Feldleerlaufübertragungsfaktor

(Der letzte Theoriekram!) Der F. ist sozusagen die Empfindlichkeit (sensitivity) des Mikros. Folgendes wird hierbei gemessen: Wie hoch ist die Ausgangspannung bei einer Besprechung des Mikros bei 1 Pascal Schalldruck. Ein Kondensatormikro schafft etwa 5 - 20 mV/P (Millivolt pro Pascal), ein Dynamisches Mikro nur schlappe 1 - 2 mV/P (selten auch etwas mehr). Je höher nun der Feldleerlaufübertragungsfaktor, desto geringer muss ich meinem Vorverstärker (Gain) am Pult aufdrehen. Wer also ein einfaches Pult hat (z.B. Behringer) sollte theoretisch ein Mikro mit einem möglichst hohen F. haben, damit der Vorverstärker weniger rauscht.

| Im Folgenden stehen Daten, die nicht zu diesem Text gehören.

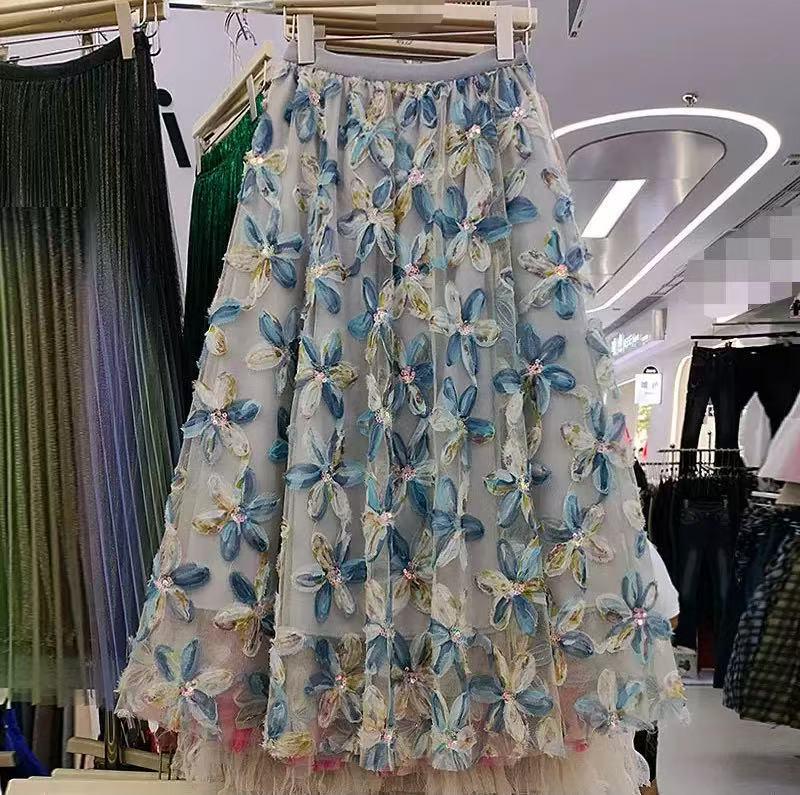 Women's French Romantic A-Line Mesh Skirt with 3D Flowers - Elastic Waist, Stunning Summer Design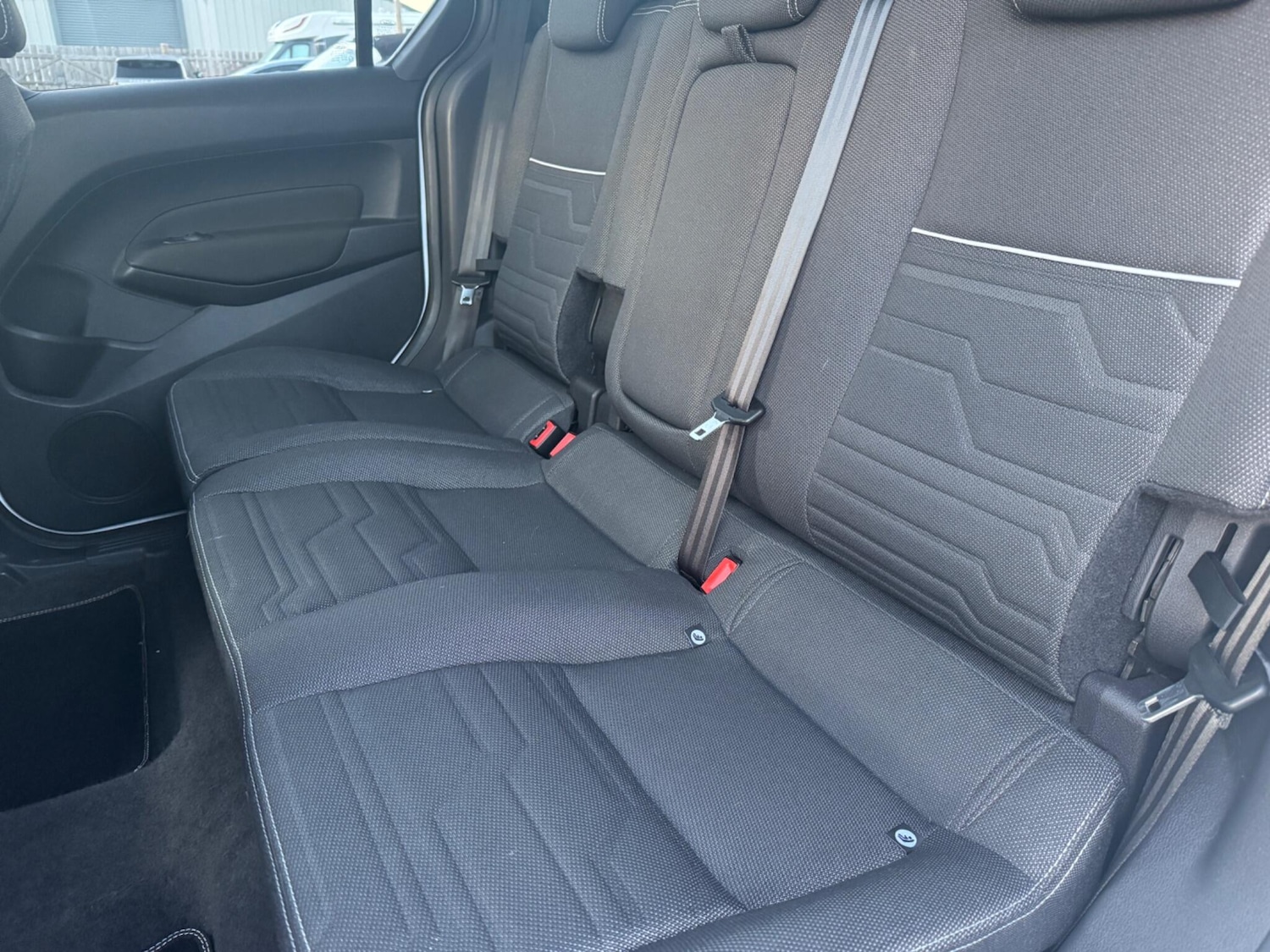 Used Ford Tourneo Connect 2015 for sale - 76398914: Photo 11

Klang von Groß- und Kleinmembran

Warum klingt jetzt die Großmembran "warm"? Zuerst sollte man sich dazu im Vergleich die Kleinmembran ansehen. Hier ist die Membran im Schnitt etwa 10 mm groß (kann aber auch deutlich kleiner sein). Durch die geringe Größe und das geringe Gewicht der Membran reagiert sie auch auf kleinste Impulse sehr genau, da sie einfach sehr leicht und schnell angeregt werden kann. Dies hat einen eher "neutralen" bis "kalten" Klang.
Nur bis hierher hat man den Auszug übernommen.